Removal of residual mold release
Occasionally, it becomes necessary or desirable to remove residual mold release from either the molded parts or the substrate.
This can be accomplished in either of the following two ways:
1) Washing with a suitable solvent, or
2) Emulsifying with a suitable detergent and water solution.
If a solvent system is used to remove the mold release, care must be taken to assure that the solvent does not adversely affect the plastic part or the substrate. We do not recommend the use of successive dip tanks since the subsequent tanks quickly become contaminated with small traces of release agent which are re-deposited on the piece, thereby rendering the removal ineffective. A vapor degreaser would be the method of choice for removing mold release with a solvent.
Our mold releases are also soluble in the aromatic solvents such as xylene; aliphatic solvents such as white gasoline and VM&P Naphtha; and chlorinated solvents such as perchloroethylene and trichloroethylene (although we generally the use of chlorinated solvents). Our mold releases are not soluble in any of the alcohols or acetone.
Mold release may also be removed by immersing the parts in a solution of water and detergent to emulsify the mold release agent. Warmer water will do a better job emulsifying than cold water.
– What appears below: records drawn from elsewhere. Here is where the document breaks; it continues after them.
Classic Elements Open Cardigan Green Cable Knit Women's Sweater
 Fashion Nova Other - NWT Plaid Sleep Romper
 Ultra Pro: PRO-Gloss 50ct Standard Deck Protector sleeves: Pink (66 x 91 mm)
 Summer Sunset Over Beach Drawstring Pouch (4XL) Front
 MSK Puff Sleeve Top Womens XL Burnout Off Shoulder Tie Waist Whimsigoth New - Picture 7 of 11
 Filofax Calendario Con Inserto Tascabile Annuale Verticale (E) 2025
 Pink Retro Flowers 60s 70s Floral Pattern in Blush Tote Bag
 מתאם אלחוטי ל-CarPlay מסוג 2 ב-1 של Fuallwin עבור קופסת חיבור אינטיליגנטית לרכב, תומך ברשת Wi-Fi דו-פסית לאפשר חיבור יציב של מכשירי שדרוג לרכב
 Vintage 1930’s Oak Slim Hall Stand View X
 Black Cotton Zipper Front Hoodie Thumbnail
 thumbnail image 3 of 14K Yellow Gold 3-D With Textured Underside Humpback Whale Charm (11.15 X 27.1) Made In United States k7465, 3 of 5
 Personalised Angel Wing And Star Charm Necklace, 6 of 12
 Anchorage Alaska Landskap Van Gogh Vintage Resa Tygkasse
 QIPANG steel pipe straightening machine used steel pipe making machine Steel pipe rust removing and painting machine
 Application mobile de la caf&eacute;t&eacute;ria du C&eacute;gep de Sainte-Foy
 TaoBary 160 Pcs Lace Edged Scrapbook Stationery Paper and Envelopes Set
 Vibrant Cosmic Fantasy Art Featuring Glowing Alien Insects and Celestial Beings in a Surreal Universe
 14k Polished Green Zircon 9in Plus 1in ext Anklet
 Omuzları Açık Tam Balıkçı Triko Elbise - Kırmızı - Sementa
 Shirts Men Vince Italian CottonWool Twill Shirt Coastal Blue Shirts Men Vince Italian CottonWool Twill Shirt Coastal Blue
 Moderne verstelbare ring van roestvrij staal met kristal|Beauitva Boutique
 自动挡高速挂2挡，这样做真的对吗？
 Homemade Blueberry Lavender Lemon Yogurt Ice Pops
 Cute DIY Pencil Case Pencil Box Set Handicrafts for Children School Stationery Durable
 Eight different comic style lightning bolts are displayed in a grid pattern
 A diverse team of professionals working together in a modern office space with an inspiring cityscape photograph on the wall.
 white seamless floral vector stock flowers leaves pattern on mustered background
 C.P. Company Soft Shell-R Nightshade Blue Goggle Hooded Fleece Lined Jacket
If the parts are small they may be placed in a nylon mesh bag. Larger parts may be immersed in a tank containing water and detergent and then hosed off with fresh running water. We do not recommend successive dip tanks here, either, for the same reason as stated above. Suitable detergents include lemon-scented Joy or commercial dishwashing compounds such as Cascade. Cascade has low foaming properties whereas lemon-scented Joy, which seems more effective, has high foaming characteristics. Tri-Sodium Phosphate (T.S.P.) is also a good emulsifier.
Goggles or face masks and gloves should be worn when using automatic dishwasher detergents because of the high alkalinity of these materials.